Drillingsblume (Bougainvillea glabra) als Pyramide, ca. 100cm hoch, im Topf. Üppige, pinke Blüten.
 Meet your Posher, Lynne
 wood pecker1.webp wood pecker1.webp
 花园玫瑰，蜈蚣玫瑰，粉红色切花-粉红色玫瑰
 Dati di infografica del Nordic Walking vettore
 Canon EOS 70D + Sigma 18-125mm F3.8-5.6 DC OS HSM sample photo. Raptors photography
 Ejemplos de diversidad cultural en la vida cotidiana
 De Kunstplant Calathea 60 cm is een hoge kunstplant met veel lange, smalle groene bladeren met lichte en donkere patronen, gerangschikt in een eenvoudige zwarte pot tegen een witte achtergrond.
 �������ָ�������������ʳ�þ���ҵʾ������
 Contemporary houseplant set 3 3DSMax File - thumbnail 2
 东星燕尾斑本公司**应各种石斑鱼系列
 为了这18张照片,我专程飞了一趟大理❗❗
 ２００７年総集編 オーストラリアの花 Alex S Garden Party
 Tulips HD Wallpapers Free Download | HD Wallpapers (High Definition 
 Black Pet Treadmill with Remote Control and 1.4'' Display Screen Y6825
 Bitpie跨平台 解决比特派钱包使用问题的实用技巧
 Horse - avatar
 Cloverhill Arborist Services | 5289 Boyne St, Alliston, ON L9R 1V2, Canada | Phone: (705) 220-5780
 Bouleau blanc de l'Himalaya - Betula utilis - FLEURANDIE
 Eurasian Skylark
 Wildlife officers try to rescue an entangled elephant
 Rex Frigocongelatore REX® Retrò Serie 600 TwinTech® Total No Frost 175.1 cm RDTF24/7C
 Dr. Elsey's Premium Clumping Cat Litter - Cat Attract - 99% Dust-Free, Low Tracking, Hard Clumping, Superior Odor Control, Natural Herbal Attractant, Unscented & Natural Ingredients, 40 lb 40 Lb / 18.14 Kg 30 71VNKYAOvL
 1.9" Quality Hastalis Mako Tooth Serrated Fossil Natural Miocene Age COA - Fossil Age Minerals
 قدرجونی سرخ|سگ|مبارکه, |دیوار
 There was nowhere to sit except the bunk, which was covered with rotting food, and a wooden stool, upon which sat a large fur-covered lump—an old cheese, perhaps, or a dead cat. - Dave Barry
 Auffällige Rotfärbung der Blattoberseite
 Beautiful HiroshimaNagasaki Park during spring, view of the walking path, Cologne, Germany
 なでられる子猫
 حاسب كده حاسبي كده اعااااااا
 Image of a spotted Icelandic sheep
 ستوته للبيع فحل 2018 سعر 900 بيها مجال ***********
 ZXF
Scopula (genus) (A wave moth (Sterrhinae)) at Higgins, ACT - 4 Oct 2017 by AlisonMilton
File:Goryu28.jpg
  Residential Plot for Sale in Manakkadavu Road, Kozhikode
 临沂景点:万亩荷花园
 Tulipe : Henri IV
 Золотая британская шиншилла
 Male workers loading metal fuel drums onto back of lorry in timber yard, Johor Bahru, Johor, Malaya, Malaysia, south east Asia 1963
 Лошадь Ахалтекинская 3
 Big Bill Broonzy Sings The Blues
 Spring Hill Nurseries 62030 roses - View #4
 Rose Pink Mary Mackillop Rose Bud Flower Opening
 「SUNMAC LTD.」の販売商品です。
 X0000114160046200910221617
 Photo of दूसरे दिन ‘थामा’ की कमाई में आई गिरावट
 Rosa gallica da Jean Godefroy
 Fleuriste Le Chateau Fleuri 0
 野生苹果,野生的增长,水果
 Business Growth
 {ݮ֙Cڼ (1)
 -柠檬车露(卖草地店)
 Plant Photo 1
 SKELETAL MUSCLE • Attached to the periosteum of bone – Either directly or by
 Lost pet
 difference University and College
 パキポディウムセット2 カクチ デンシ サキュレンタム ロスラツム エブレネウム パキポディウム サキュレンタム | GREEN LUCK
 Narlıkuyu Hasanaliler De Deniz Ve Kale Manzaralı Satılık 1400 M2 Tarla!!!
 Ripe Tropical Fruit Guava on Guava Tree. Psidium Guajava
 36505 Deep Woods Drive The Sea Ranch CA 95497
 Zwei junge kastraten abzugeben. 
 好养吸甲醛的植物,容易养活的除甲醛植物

— Task directions —
Output only the count of lines in the data containing "with".

— Response to the exercise —
2